AP Changes 4

 

We could say a lot about the move in support of ACTFL’s Three Modes of Communication by the College Board AP Exams.

We have actually already done so, in a far reaching discussion that has lasted since May, 2011 when Robert first brought it up. The intensity of the discussion over the ensuing months has revealed that many of us have been thinking along the same lines on this topic.

Then, recently, we ended up with an actual tool that allows us to tie our objectives and assessments to our students’ habits of learning, which happened when Annemarie came here to Denver from Maine for the Odyssey/TPRS training and when Jason was here.

The actual document does not include a rubric, and is not tied so much to assessment as it is to putting our students in the position of doing authentic self assessment of their listening and reading work in our classrooms.

I see the document as most important. For now I am calling it the Metacognition Poster (at least I intend to use it asf a poster in my own classroom and close each class with some discussion in L1 about how the kids did what is listed on the poster during that class period.

I believe that the Metacognition Poster will provide the wind to make the Classroom Rules fly. Clearly, the 
metacognition piece has been sadly missing from our students’ daily palate of things to do in our classes for 
some time. We know the results.

Yet, if one thinks about it, how could a child who has been asked to do little more than memorize for years be expected to do creative self introspection on how they are aligning with what ACTFL is calling for in its 2011 90% use position statement, as well as the three modes.

The Metacognition Poster will hopefully serve as a Metacog Railway that each day goes up Taxonomy Mountain at the end of each class, a trip up the taxonomy that will hopefully serve to de-condition the kids from the frightening effects that memorization classes in school and social networking and texting at school and at home have had on them in recent years. Self reflection by the kids is necessary to make comprehensible input work in our classes.

That teachers never seemed to be able to create a defined foreign language articulation path from 7th to 12th grade  is no accident. Previously attributed to the variety of personal teaching preferences available in conjunction with the book and now with the computer, it is becoming more and clear that those teachers have not been able to articulate anything because none of them were doing anything of substance – there was nothing there to articulate except memorization of discrete grammar, which has no soul.

There is now an absolute need within school buildings to create a clear pathway from the lower to the higher levels based on a common theme, the theme of communication written up in the 5 C’s, the three modes, and the 90% use statement of ACTFL. That all means comprehensible input, which alone has the substance necessary to make a real articulation path in schools actually happen.

It is possible that the only reason that those teachers were able to get away with what they were doing, which most of them labeled as an “eclectic” approach, was that the smart kids in the room made them look like they are doing good teaching. Take away those smart kids, that 4% of their student populations, and no students in their schools pass the AP Exam and immediately they are emporors and empresses sans clothes.

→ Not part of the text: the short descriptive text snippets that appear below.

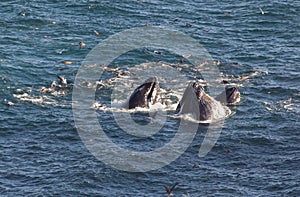 A trio of humpbacks feeding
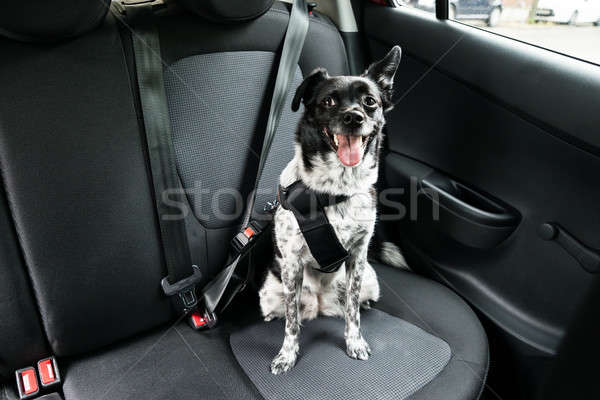 Dog Sitting In A Car Stock photo © AndreyPopov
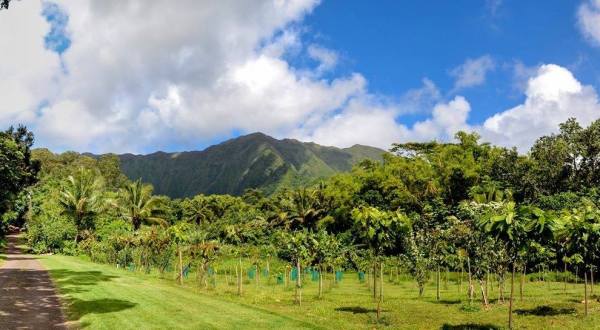 Visit One Of The Country’s Only Cacao Farms On This Sweet Tour In Hawaii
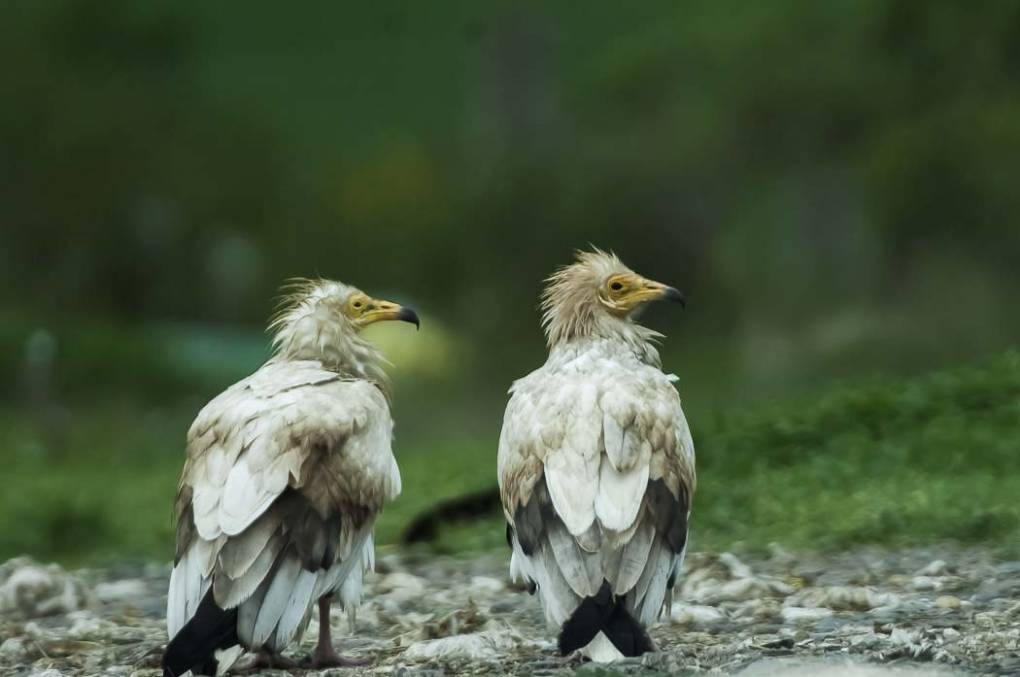 Vautour percnoptère 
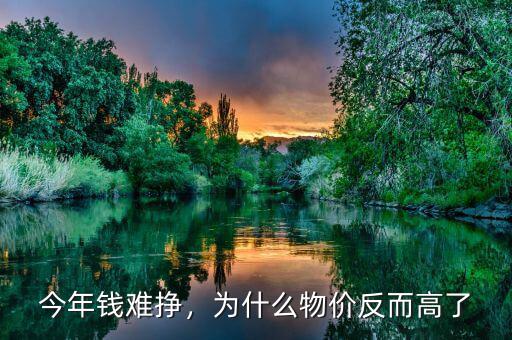 今年錢難掙，為什么物價反而高了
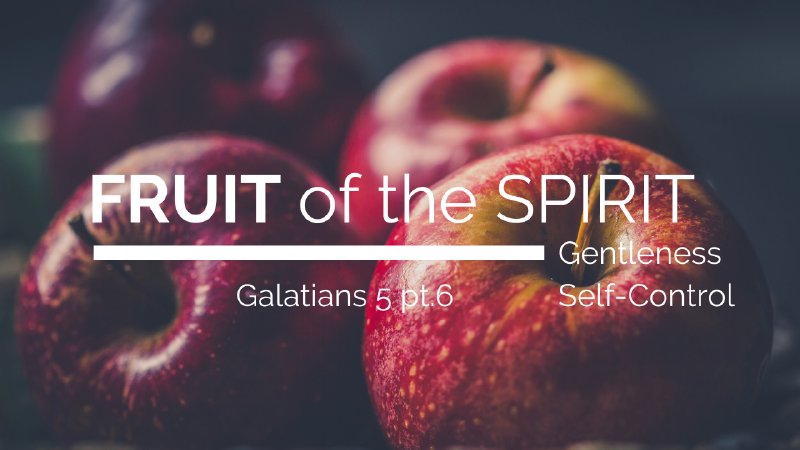 Fruit of the Spirit_Gentleness, Self-Control | Zion Community Church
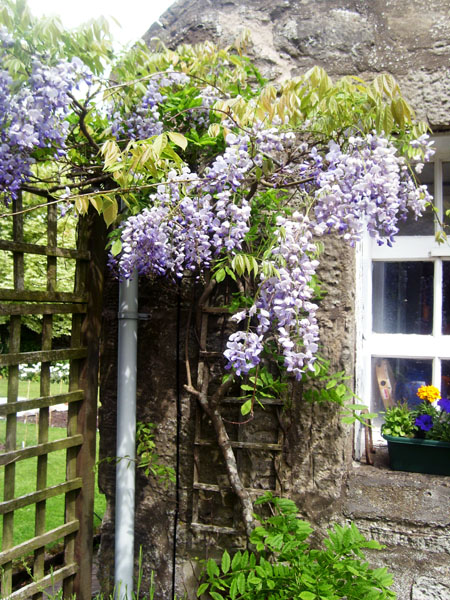 Temple Village Gardens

The only problem, the key point of this article, is that the AP exam no longer caters to this kind of sham. It’s over. The new design of the AP exam takes the manipulation of the language by smart kids who haven’t really acquired much about the language at all and throws that old format of manipulation of dicrete information (far from fluency) out the window, as per the previous post referencing some of the comments Robert has made here recently. 

Many jobs will be lost when this happens, as it is starting to happen as chill wrote here a few weeks ago about her “furious” colleague (furious at the College Board, for changing the AP exam to align, finally fully, with ACTFL).